The functional movement screen
It’s been a really busy couple of months, which unfortunately has limited the amount of time I have had to devote to blogging. However, with my new iPad and changed work schedule, there is now no excuses!
Since my last post I have travelled to the states to do the Biosignature course with Charles poliquin, spent time with Charles in a private consultation, been certified as a level 2 kettlebell instructor, a level 1 Olympic weight lifting coach, been certified in the functional movement screen and resumed teaching duties in another state. Lots of fun and lots of hard work!
Over the next few weeks I will blog about my experiences at these different workshops and courses and how what I have learnt and taken away from these courses to improve my clients results. Today I will talk about the functional movement screen and it’s relevance to training.
“first move well, then move often”
Gray Cook
This mantra is behind the entire philosophy of the functional movement screen. It is not enough to go the the gym and train hard and expect to move well, with adequate mobility and injury free. We need to identify if we do have weak links, restrictions and movement pattern flaws and have a baseline to measure them against. If we are improving in our movement, then we will be more efficient, more powerful, healthier and get better results out of our training. Period.
A lot of people in the biofeedback school of though of training have shown a general sound of disapproval of the functional movement screen and are claiming that you don’t need to screen, you just need to test movement. If you move better, it is a good movement. That is the entire essence of the FMS! You test a movement, perform a corrective strategy and see if you move better. If it helps, keep doing it! The only difference with the FMS is it compares movement to a baseline, which allows for quantification of results.
A lot of people will argue with this that because they are getting stronger, they are moving better and do not need to screen movement. Bullshit. I’m stronger in the leg press compared to the overhead barbell squat. Which exercise challenges movement more?How do you know you are moving better if you have no baseline to compare it with?

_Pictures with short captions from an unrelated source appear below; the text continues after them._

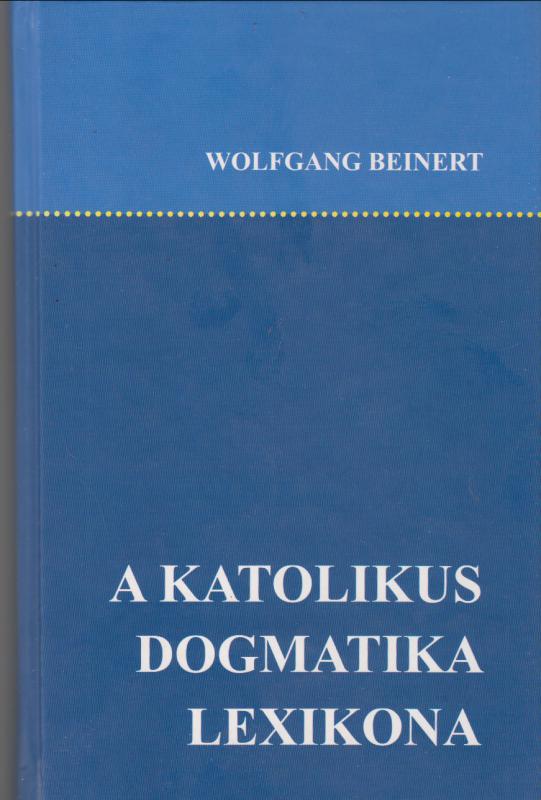 Wolfgang Beinert : A KATOLIKUS DOGMATIKA LEXIKONA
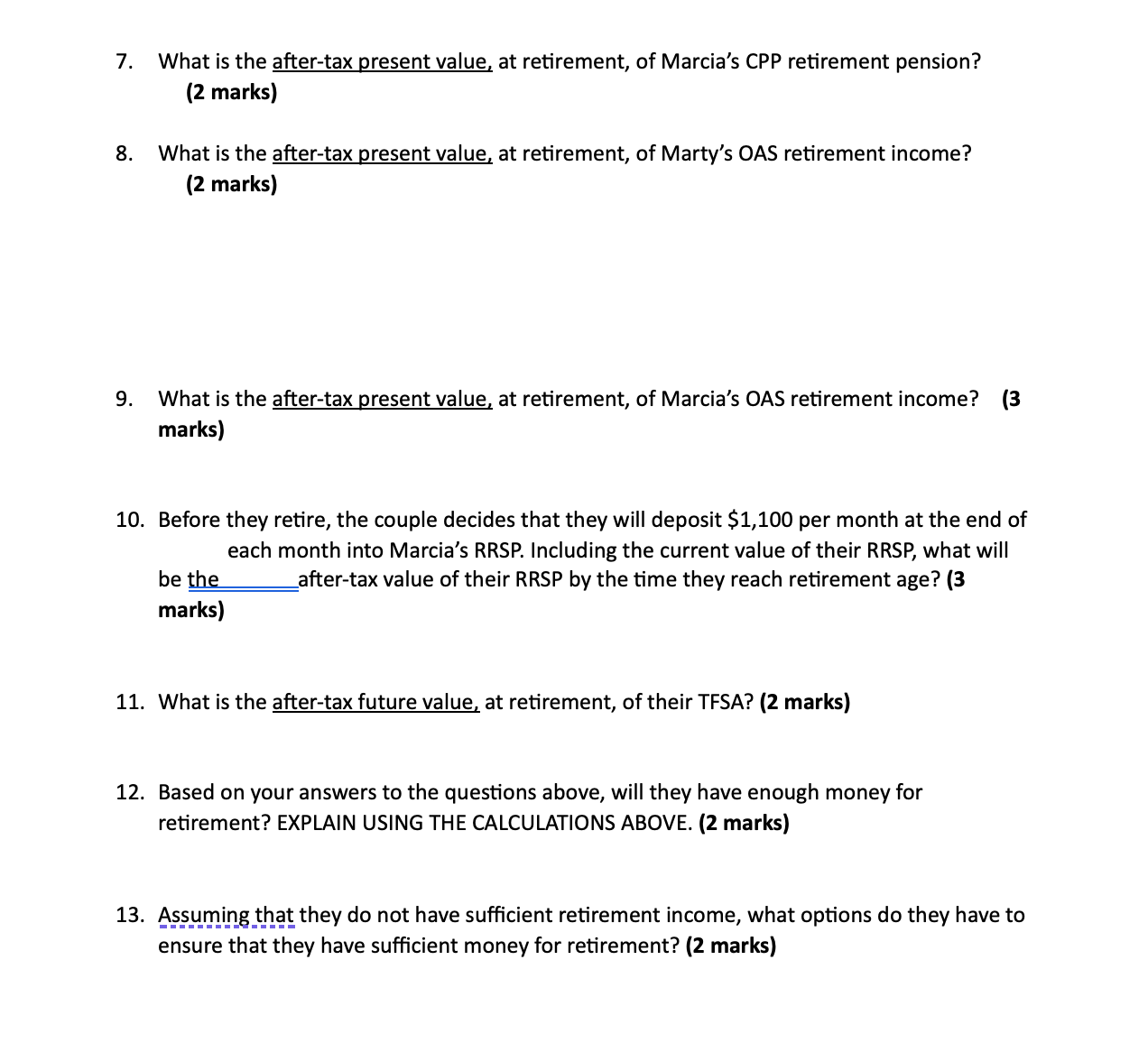  PART B (28 marks) Marty, age 56, and Marcia, age 53,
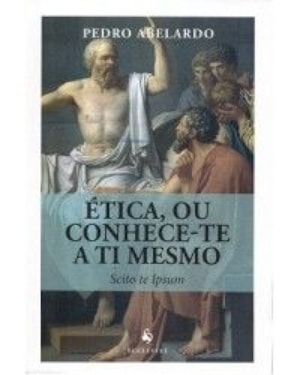ÉTICA, OU CONHECE-TE A TI MESMO. SCITO TE IPSUM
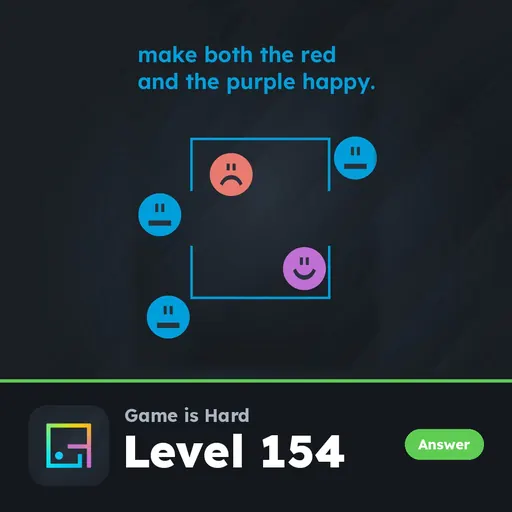Game is Hard Level 154 Make Both the Red and the Purple Happy answer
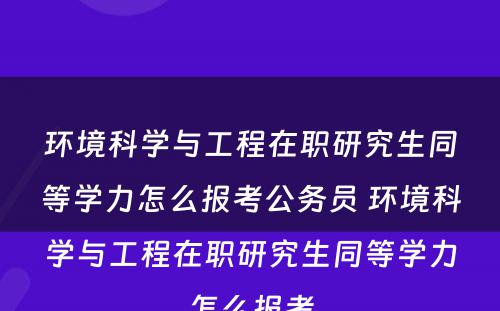 环境科学与工程在职研究生同等学力怎么报考公务员 环境科学与工程在职研究生同等学力怎么报考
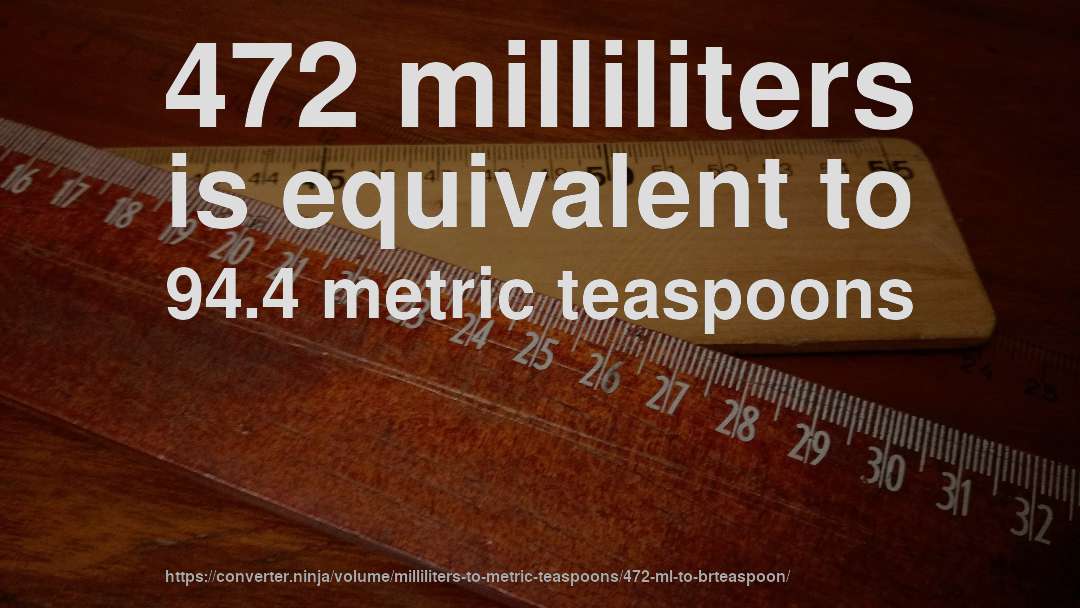 472 milliliters is equivalent to 94.4 metric teaspoons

If you are getting stronger without increasing efficiency and quality of movement, you are basically adding strength to dysfunction, another thought provoking sentence first said by Gray Cook.
In my opinion the FMS is a great tool to use for a trainer in the screening process of a client to identify potential problems and to quantify what you are doing. If you can quantify what you are doing, you can prove what you are doing works. Will I use the FMS in my practice? Yes. Will I rely on it as my primary tool? No. The problem with the screen is some people believe it is the right thing to us for every problem. That is absolutely not true and the inventors of the screen will tell you the same thing. It is one tool of many tools that we will use at DC Health Performance. Everything has a place at a certain time.
I would personally like to thank the instructor, Dr Mark Cheng for sharing with us his expertise, time and encouraging manner. This was Dr. Cheng’s first time instructing the FMS solo but he did a great job. If he was nervous, it didn’t show!